Reprenez la description que j’ai faite du monde de Guardian of the Witch, le délire des monstres et des sorcières qui tuent les monstres là où les soldats les repoussent uniquement. Maintenant, prenez le héros dont le but est de tuer les sorcières, en terminant par Manafsa, la sorcière qu’il défend…. Si il tue les sorcières, qui va défendre la population ? Ah bah oui, fallait y penser avant….

Un autre point qui me dérange avec Guardian of the Witch, oui encore un, c’est que…. Les personnages sont fades. Il ne s’agit même plus de personnage fonction, mais uniquement de simples pantins, qui font ce qu’on leur demande, purement et simplement… Encore une fois, des personnages fonctions, ça peut exister, mais des personnages fonctions à ce point vide c’est un exploit !

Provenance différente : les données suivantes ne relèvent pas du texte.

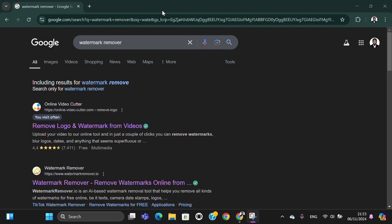Hello guys, welcome back to this channel. In today's tutorial, I'm going to show you how you can remove watermark from your video for free. Let's get into it. First of all, you need to go to your browser and then search for watermark remover.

« Oui mais c’est impossible de rendre des personnages attachants en aussi peu de chapitres ». Prenez Time Paradox Ghost Writer, nouveauté du Jump avec 6 chapitres à son actif (et dont je parlerai un jour) : Sasaki, le protagoniste, est plus qu’attachant. Même avec ZIPMAN!!, un manga qui est objectivement très mauvais, avait réussi à rendre son protagoniste attachant à mes yeux. Sauf que là, rien. Rien de rien, pendant 19 chapitres, qui m’ont parus aussi long que l’intégrale de la trilogie du Seigneur des Anneaux. Vous devinez déjà la note lié au plaisir de lecture j’imagine…

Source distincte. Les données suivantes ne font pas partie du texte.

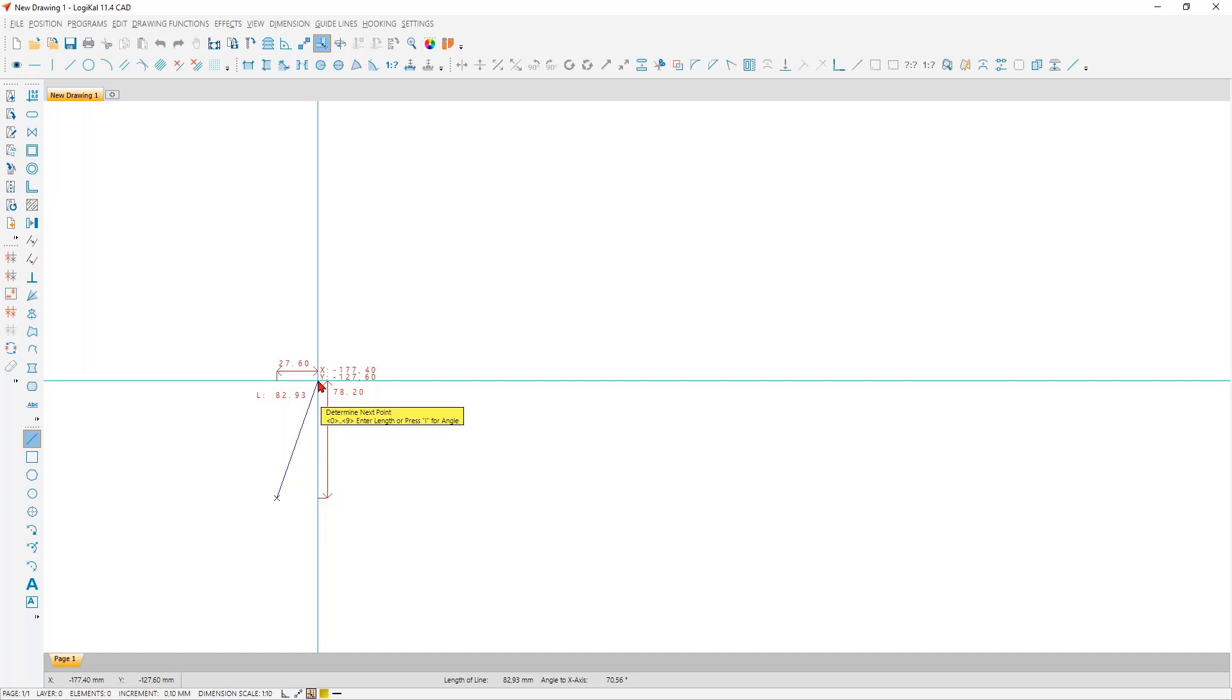To make it as easy as possible for you, Logical helps you through the operation of each function, and it does this by displaying the next steps here in this yellow box. So now we have to determine the next point. Therefore, you have two options: you select the end point or the next point with the mouse. This works really wonderfully if the end point is to be based on existing drawing elements, then you simply click on it.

Enfin, il reste un point avant de conclure, et j’aimerais finir sur une meilleure note que le reste, afin de vous montrer que je ne « hais » pas Guardian of the Witch

Les dessins sont le meilleur point du manga, mais vu le niveau du reste, c’est tout de même mauvais. On sent cependant que l’auteur a de l’expérience en tant qu’assistant (il était assistant sur Black Clover). Les effets sont très jolis, les décors sont agréables également, mais…. Les personnages sont très étranges. On a l’impression qu’ils ont été « étirés », ils ont des cous énormes, c’est perturbant et pas très agréable. Sans compter qu’à aucun moment on a une impression de réalisme en regardant les personnages… Et on obtient un manga dont la meilleure note, c’est quelque chose qui serait très moyen pour un bon manga.

Notation:

Personnages: 02/20

Scénario: 01,5/20

Ambiance et Univers: 04/20

Dessins: 09/20

Plaisir de Lecture: 01/20

Total : 17,5/100 = 03,5/20

Là où je pouvais reconnaître que ZIPMAN!! avait du potentiel, et qu’il y avait des idées, pour Guardian of the Witch, je suis tout de suite bien plus pessimiste…. Le manga est mauvais de base, et l’idée était mauvaise également, c’est tout. Je ne vois vraiment pas comment ce manga a pu être accepté en réunion éditoriale, parce qu’on dirait qu’il est resté au stade de prototype, c’est tout. Encore un manga avorté qui n’aurait jamais dû voir le jour.